Karen Keygnaert is a Belgian-born chef, who won a Michelin star at Restaurant A'Qi. She has since opened Cantine Copine, where she announced she would not be pursuing Michelin stars.

==Career==
Karen Keygnaert was born in the Flanders region of Belgium, and is a native Flemish speaker. In 2009, she opened Restaurant A'Qi with Arnold Hanbuckers. The restaurant was awarded a Michelin star in 2012, and following Hanbucker's retirement the following year, she retained until 2016. At the time, she was the only female chef in Flanders to hold a star. In 2013, she co-authored with Hanbuckers a cookbook based on the dishes served at the restaurant. Keygnaert cooked on board the Taste Boat during Taste Week in 2015, which was a boat which sailed from Bruges to Eeklo. She served seafood on the vessel, based on the menu of Restaurant A'Qi.

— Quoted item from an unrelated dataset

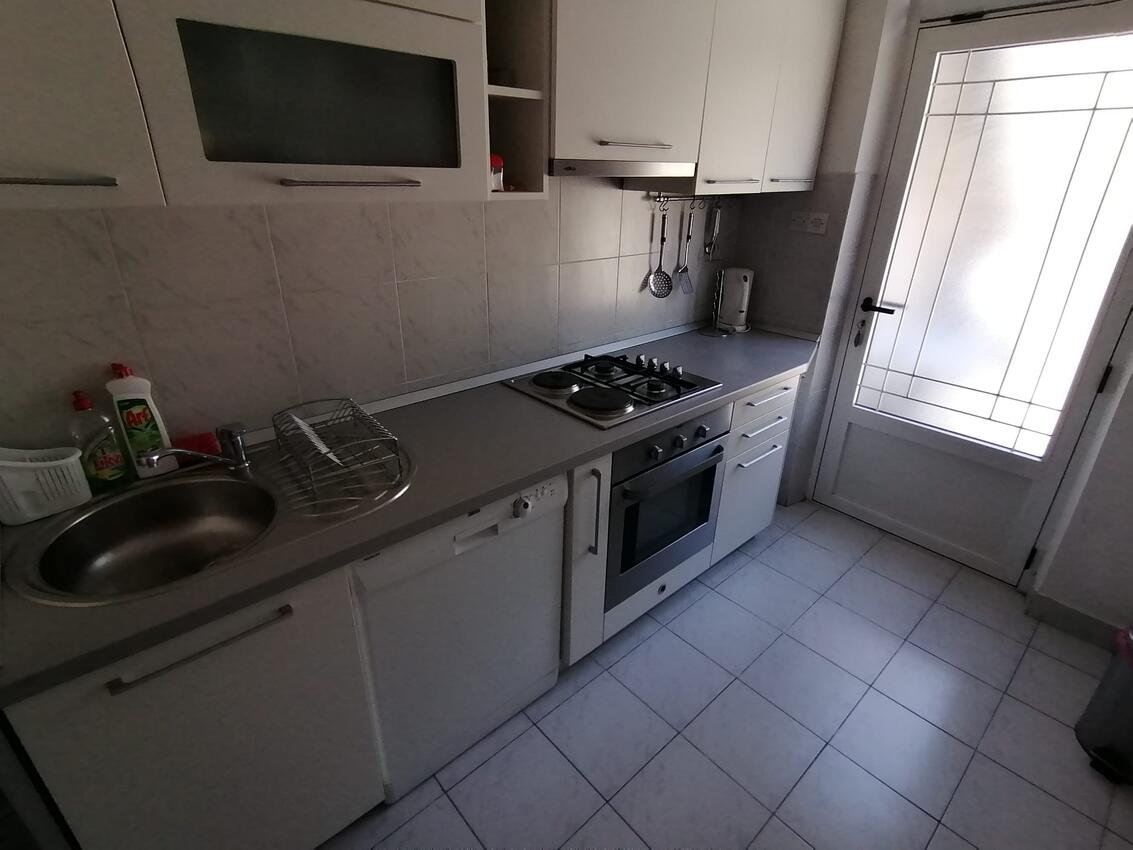 Apartmani s parkingom Jelsa, Hvar - 2059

When she decided to leave Restaurant A'Qi and open Cantine Copine, she decided not to pursue Michelin stars. Keygnaert felt it generated different expectations from diners and made the restaurant more exclusion, only being used for special occasions. Keygnaert was not the first Belgian chef to refuse Michelin stars, as Jo Bussels, Christophe Van den Berghe and Frederick Dhooge all had done so previously. When launching Cantine Copine, Keygnaert did so with an entirely female staff. She stated this wasn't deliberate but was done to the individual personality and competencies of the staff members hired. Some of those staff members came with Keygnaert from Restaurant A'Qi, and the restaurant offers an evolution of the same menu.